** DATA SUPPLIED follows **
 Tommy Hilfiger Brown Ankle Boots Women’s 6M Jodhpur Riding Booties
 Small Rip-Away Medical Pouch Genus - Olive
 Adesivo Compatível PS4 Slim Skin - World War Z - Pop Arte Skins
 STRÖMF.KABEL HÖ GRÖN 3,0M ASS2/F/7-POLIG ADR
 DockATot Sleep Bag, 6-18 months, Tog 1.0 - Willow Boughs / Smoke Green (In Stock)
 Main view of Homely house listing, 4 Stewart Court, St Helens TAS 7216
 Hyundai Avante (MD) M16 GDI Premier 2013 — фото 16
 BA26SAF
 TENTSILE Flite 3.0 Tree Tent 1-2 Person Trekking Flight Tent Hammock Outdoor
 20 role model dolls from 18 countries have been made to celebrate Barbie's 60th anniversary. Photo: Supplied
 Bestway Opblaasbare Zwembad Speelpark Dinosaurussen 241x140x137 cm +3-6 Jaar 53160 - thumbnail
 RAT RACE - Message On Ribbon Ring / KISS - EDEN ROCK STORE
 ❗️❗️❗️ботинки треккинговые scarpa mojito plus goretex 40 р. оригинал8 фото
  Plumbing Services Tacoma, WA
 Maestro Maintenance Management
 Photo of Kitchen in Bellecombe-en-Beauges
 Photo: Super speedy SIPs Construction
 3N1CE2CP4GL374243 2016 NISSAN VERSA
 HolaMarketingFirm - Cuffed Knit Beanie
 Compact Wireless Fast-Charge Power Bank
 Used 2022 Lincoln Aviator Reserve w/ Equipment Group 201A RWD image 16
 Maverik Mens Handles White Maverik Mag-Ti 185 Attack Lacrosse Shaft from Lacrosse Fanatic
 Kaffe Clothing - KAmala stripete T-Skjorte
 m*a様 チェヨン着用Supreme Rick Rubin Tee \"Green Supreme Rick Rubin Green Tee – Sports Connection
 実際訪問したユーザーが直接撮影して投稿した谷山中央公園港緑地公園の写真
** End of DATA SUPPLIED **
■ TASK TO CARRY OUT ■
After reading through the material, print all of it again exactly.

■ ANSWER AREA ■
 Tommy Hilfiger Brown Ankle Boots Women’s 6M Jodhpur Riding Booties
 Small Rip-Away Medical Pouch Genus - Olive
 Adesivo Compatível PS4 Slim Skin - World War Z - Pop Arte Skins
 STRÖMF.KABEL HÖ GRÖN 3,0M ASS2/F/7-POLIG ADR
 DockATot Sleep Bag, 6-18 months, Tog 1.0 - Willow Boughs / Smoke Green (In Stock)
 Main view of Homely house listing, 4 Stewart Court, St Helens TAS 7216
 Hyundai Avante (MD) M16 GDI Premier 2013 — фото 16
 BA26SAF
 TENTSILE Flite 3.0 Tree Tent 1-2 Person Trekking Flight Tent Hammock Outdoor
 20 role model dolls from 18 countries have been made to celebrate Barbie's 60th anniversary. Photo: Supplied
 Bestway Opblaasbare Zwembad Speelpark Dinosaurussen 241x140x137 cm +3-6 Jaar 53160 - thumbnail
 RAT RACE - Message On Ribbon Ring / KISS - EDEN ROCK STORE
 ❗️❗️❗️ботинки треккинговые scarpa mojito plus goretex 40 р. оригинал8 фото
  Plumbing Services Tacoma, WA
 Maestro Maintenance Management
 Photo of Kitchen in Bellecombe-en-Beauges
 Photo: Super speedy SIPs Construction
 3N1CE2CP4GL374243 2016 NISSAN VERSA
 HolaMarketingFirm - Cuffed Knit Beanie
 Compact Wireless Fast-Charge Power Bank
 Used 2022 Lincoln Aviator Reserve w/ Equipment Group 201A RWD image 16
 Maverik Mens Handles White Maverik Mag-Ti 185 Attack Lacrosse Shaft from Lacrosse Fanatic
 Kaffe Clothing - KAmala stripete T-Skjorte
 m*a様 チェヨン着用Supreme Rick Rubin Tee \"Green Supreme Rick Rubin Green Tee – Sports Connection
 実際訪問したユーザーが直接撮影して投稿した谷山中央公園港緑地公園の写真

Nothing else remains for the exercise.